#### [Data for this exercise]

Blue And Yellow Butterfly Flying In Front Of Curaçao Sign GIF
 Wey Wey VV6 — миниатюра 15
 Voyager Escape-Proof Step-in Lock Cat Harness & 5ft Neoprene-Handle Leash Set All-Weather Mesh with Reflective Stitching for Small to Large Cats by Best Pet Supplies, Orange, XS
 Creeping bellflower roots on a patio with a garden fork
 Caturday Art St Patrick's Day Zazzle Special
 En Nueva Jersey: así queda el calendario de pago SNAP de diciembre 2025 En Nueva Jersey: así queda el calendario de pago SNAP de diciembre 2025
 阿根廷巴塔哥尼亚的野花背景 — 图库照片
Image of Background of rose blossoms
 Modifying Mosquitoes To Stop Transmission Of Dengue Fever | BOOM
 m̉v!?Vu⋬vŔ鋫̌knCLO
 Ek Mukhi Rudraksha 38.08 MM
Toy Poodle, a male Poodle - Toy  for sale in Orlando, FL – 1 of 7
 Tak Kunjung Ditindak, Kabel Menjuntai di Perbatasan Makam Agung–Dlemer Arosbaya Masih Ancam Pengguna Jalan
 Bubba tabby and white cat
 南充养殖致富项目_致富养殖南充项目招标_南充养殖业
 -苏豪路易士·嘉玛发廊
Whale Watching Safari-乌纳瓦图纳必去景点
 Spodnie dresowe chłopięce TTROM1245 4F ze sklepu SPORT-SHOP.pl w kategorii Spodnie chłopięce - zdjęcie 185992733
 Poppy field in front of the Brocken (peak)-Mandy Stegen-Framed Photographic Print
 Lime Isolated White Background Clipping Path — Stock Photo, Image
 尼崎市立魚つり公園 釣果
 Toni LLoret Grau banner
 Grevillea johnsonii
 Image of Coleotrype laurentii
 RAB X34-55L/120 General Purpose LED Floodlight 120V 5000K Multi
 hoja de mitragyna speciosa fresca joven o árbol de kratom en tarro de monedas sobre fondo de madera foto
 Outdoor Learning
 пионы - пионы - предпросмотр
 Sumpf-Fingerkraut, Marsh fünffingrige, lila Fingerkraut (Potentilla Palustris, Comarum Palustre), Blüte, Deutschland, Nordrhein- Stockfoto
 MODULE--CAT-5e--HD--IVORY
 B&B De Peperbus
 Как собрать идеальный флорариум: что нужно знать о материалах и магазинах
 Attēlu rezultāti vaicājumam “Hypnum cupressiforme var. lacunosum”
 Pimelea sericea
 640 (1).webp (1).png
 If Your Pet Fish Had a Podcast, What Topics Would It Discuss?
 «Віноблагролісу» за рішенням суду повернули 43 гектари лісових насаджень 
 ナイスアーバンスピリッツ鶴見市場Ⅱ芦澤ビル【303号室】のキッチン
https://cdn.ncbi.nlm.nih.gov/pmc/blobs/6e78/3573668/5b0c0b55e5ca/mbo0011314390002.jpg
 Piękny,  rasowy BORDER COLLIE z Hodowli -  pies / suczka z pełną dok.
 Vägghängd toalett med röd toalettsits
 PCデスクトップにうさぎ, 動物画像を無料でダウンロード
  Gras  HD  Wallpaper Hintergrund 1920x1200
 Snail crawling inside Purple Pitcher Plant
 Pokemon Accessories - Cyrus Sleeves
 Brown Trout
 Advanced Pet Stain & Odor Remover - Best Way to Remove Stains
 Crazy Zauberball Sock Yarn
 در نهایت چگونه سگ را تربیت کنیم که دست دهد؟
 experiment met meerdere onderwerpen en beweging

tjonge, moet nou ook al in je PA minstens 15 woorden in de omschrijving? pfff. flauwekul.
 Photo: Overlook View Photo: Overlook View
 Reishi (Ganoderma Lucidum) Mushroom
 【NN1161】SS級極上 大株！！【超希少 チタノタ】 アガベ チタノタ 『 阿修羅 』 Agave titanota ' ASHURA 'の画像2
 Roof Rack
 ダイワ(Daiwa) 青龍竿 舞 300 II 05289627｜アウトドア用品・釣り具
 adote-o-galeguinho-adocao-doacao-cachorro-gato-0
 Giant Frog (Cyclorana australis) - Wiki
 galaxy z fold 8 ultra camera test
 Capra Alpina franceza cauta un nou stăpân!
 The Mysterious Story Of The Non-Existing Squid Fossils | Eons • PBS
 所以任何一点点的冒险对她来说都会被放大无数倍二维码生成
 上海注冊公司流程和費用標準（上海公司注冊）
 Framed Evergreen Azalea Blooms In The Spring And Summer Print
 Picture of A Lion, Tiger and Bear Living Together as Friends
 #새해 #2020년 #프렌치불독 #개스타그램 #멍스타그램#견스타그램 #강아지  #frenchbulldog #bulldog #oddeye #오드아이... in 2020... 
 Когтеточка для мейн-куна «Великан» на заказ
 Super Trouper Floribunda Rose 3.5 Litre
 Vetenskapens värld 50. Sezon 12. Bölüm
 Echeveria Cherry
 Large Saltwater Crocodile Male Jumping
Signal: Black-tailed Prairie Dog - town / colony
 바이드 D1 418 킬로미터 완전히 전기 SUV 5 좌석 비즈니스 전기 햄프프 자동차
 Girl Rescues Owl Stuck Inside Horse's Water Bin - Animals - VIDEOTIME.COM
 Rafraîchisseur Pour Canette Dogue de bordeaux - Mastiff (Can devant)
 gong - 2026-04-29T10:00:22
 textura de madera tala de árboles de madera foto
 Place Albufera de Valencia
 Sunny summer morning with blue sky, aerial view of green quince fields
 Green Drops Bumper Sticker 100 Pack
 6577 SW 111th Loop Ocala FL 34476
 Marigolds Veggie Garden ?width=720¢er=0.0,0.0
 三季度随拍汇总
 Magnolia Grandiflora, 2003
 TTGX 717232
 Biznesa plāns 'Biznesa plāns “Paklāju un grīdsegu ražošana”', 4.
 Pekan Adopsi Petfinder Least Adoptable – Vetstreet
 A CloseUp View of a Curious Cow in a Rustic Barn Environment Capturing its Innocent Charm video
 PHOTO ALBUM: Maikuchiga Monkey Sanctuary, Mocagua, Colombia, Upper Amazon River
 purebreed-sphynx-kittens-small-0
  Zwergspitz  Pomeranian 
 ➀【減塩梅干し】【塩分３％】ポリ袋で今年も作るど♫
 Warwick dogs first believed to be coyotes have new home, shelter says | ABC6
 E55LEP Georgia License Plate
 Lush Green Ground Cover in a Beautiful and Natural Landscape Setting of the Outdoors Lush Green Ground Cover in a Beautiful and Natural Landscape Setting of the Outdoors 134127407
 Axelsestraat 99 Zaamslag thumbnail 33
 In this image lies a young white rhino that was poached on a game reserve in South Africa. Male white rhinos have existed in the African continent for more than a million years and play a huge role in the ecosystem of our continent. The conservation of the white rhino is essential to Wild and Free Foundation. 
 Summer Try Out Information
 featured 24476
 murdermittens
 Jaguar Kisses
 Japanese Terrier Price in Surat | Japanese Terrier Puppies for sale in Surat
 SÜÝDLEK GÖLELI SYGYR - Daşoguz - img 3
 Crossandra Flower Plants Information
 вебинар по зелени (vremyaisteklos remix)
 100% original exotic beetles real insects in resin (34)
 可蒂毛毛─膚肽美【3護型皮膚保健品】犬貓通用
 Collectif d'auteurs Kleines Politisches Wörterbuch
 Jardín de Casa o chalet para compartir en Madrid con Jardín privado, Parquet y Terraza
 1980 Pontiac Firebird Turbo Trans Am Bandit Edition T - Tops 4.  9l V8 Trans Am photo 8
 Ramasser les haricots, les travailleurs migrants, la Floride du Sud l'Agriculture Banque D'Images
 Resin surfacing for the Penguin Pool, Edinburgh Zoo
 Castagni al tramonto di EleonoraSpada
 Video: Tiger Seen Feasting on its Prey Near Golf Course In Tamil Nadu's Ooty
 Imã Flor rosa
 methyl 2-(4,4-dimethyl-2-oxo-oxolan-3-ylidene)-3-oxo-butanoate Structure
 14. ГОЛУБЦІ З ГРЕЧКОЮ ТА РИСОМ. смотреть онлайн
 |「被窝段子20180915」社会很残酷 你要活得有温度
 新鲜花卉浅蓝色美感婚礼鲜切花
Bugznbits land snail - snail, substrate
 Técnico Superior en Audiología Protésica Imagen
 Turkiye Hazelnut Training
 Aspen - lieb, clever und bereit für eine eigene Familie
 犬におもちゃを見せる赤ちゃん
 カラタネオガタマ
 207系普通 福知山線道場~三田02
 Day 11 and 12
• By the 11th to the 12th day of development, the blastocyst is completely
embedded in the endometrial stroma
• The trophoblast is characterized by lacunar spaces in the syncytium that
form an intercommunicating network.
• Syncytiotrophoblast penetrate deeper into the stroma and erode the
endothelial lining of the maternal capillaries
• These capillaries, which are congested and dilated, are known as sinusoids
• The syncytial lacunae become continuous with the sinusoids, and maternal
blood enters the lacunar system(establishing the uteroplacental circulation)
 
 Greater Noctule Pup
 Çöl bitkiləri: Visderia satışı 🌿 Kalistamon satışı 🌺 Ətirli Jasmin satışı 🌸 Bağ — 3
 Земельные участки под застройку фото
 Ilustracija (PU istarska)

#### [Your assignment]
Look above for the line holding "Summer Try Out Information". Print it and every line after it, exactly, through the line holding "100% original exotic".

#### [Reply]
 Summer Try Out Information
 featured 24476
 murdermittens
 Jaguar Kisses
 Japanese Terrier Price in Surat | Japanese Terrier Puppies for sale in Surat
 SÜÝDLEK GÖLELI SYGYR - Daşoguz - img 3
 Crossandra Flower Plants Information
 вебинар по зелени (vremyaisteklos remix)
 100% original exotic beetles real insects in resin (34)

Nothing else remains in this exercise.